* [What the task asks]: Print, please, the line that contains "Cavallaro Napoli WK polo white" and each line after it to the end of the entries, unchanged and with nothing else.

* [Provided entries]:

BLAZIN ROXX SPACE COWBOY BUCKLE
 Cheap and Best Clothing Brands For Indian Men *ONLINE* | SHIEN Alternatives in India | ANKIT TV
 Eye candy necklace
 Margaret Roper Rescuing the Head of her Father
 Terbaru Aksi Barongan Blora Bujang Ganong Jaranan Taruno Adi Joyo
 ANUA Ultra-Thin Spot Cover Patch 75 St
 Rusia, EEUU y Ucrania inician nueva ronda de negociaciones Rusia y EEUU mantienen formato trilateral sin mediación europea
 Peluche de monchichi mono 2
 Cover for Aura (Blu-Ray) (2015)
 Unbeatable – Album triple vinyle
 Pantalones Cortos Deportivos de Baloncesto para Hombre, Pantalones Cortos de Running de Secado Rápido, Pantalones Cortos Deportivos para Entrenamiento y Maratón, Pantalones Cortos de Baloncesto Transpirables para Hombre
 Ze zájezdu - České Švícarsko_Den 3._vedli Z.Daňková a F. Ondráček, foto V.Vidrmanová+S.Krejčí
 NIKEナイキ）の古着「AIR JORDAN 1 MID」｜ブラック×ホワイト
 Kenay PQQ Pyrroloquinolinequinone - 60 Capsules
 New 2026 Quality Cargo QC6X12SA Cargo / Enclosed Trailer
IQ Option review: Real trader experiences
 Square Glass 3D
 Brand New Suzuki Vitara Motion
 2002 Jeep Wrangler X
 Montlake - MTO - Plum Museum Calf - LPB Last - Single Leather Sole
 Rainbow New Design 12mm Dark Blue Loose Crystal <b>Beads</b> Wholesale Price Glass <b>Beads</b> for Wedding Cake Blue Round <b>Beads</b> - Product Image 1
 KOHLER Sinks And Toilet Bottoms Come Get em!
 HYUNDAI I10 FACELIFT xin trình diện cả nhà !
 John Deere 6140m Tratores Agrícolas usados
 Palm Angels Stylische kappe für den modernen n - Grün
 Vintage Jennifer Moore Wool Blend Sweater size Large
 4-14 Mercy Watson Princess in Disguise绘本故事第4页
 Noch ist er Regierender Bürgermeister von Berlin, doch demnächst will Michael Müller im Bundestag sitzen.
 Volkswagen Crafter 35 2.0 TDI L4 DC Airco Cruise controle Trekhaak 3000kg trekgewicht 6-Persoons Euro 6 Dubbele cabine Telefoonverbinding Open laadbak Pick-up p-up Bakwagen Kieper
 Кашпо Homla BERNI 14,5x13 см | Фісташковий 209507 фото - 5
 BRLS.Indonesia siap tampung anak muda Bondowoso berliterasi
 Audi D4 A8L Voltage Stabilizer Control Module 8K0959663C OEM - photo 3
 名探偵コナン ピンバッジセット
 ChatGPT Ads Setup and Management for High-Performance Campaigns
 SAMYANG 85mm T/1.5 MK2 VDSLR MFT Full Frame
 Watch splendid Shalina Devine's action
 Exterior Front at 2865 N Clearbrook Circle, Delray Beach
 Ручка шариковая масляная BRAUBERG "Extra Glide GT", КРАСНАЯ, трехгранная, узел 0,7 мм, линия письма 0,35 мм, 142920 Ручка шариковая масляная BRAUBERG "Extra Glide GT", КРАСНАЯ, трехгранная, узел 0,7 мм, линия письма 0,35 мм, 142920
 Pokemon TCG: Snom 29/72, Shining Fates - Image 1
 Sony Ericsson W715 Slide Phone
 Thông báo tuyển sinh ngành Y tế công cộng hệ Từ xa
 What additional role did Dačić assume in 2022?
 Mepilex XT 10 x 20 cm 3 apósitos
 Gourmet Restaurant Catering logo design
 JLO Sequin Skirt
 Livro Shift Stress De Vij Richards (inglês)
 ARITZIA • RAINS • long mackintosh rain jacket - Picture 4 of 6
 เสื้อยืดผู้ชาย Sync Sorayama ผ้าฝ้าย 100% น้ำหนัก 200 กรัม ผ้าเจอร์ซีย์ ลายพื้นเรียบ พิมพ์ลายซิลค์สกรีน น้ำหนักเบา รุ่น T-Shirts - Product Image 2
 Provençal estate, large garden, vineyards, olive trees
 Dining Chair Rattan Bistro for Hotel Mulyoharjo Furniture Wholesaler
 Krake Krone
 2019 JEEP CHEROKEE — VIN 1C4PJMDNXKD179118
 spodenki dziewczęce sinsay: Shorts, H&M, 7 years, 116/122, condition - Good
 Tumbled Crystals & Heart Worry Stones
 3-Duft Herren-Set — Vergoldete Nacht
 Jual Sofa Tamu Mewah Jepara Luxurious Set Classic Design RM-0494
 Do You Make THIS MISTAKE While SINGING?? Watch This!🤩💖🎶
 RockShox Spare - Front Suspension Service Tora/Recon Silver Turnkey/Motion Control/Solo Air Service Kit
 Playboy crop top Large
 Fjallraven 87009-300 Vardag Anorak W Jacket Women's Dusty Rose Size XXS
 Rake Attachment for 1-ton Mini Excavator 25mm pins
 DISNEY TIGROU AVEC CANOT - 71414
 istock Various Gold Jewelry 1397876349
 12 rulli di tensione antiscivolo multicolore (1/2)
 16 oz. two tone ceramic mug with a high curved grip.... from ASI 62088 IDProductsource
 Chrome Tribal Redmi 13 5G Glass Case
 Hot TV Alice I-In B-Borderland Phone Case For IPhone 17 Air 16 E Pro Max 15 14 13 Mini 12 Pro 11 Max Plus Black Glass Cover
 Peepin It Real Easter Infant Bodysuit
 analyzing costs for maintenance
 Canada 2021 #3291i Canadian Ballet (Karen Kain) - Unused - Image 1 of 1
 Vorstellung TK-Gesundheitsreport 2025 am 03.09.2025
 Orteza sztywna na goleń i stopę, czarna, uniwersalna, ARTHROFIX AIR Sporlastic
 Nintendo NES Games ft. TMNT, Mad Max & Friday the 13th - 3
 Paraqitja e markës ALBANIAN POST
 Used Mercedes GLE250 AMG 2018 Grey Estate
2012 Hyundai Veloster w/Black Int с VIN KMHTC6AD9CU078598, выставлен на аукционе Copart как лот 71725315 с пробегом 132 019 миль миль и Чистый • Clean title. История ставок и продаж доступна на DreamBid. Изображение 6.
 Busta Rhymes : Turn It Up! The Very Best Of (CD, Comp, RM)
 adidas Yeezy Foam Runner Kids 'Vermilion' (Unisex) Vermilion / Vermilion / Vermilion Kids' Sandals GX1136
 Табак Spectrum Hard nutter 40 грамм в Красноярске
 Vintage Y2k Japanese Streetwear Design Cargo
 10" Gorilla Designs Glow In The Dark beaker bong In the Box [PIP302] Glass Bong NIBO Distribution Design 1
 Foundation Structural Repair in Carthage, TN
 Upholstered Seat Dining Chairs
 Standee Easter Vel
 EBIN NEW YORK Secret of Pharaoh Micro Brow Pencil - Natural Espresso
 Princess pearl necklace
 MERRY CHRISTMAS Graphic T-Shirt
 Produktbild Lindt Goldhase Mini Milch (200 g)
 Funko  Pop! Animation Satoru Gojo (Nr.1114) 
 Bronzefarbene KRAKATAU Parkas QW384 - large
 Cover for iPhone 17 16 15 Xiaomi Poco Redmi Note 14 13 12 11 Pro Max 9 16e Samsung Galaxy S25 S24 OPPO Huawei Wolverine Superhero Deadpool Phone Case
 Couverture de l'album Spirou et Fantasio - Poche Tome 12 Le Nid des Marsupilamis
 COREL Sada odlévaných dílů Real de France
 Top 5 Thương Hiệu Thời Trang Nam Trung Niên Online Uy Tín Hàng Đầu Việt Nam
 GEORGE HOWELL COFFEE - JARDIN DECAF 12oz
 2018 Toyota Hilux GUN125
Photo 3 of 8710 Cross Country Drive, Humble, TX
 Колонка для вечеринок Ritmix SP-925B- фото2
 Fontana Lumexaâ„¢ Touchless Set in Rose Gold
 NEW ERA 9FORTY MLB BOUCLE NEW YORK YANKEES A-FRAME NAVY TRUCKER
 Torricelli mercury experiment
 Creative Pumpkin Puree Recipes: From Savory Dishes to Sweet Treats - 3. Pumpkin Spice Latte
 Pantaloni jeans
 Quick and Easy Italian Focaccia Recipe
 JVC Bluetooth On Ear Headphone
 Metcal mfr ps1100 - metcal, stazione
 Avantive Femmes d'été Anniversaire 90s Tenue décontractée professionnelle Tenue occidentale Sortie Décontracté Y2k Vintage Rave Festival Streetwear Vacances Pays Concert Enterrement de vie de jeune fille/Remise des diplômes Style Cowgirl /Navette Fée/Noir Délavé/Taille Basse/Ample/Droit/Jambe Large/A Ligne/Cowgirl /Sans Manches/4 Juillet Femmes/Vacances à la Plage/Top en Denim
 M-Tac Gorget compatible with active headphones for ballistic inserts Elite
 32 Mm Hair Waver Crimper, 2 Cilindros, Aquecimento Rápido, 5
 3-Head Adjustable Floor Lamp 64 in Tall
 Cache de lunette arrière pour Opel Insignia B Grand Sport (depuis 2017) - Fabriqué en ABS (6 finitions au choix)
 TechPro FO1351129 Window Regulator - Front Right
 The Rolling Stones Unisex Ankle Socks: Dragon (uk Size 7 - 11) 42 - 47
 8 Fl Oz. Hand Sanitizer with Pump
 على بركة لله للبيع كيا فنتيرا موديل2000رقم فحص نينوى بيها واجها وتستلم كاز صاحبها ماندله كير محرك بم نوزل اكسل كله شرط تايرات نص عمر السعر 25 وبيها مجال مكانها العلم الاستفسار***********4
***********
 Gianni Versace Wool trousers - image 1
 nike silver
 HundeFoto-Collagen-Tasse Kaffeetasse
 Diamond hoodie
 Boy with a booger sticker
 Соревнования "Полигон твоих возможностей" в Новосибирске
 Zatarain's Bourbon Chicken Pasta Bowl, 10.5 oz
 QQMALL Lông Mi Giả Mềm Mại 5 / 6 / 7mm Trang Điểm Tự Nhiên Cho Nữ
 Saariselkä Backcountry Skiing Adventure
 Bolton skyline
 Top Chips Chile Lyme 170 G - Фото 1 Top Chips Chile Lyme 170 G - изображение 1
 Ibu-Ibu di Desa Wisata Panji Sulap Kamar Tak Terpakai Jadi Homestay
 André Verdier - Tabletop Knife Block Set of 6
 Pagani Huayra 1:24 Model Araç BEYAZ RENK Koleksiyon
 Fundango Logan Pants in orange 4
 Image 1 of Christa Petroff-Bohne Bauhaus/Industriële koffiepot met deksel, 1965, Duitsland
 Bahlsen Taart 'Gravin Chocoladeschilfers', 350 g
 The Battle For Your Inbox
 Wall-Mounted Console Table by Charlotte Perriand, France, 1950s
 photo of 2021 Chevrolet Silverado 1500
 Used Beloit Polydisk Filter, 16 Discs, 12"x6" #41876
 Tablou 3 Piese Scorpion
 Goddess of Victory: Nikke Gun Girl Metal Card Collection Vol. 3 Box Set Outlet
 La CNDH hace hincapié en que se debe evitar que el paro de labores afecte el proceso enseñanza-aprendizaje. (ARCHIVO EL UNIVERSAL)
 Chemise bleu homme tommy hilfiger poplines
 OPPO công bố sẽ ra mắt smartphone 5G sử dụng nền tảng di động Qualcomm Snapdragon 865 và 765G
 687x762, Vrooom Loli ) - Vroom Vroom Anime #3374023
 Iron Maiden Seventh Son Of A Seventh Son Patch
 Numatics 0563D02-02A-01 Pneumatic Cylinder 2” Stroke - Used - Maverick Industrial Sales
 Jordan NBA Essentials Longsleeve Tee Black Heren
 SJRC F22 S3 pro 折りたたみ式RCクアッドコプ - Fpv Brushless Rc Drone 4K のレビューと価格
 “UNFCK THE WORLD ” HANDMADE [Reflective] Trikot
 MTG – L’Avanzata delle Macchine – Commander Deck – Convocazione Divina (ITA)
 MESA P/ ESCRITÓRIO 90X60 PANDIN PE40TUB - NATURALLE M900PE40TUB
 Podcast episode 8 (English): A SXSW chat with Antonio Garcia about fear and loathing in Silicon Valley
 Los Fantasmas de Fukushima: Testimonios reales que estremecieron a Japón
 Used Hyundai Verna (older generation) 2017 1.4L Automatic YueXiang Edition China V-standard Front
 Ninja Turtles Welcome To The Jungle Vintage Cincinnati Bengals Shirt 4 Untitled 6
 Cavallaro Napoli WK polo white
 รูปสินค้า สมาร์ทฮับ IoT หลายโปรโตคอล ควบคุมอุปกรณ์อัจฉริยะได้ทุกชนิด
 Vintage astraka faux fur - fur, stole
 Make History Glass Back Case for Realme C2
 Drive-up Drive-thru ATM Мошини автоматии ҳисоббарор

* [Task solution]:
 Cavallaro Napoli WK polo white
 รูปสินค้า สมาร์ทฮับ IoT หลายโปรโตคอล ควบคุมอุปกรณ์อัจฉริยะได้ทุกชนิด
 Vintage astraka faux fur - fur, stole
 Make History Glass Back Case for Realme C2
 Drive-up Drive-thru ATM Мошини автоматии ҳисоббарор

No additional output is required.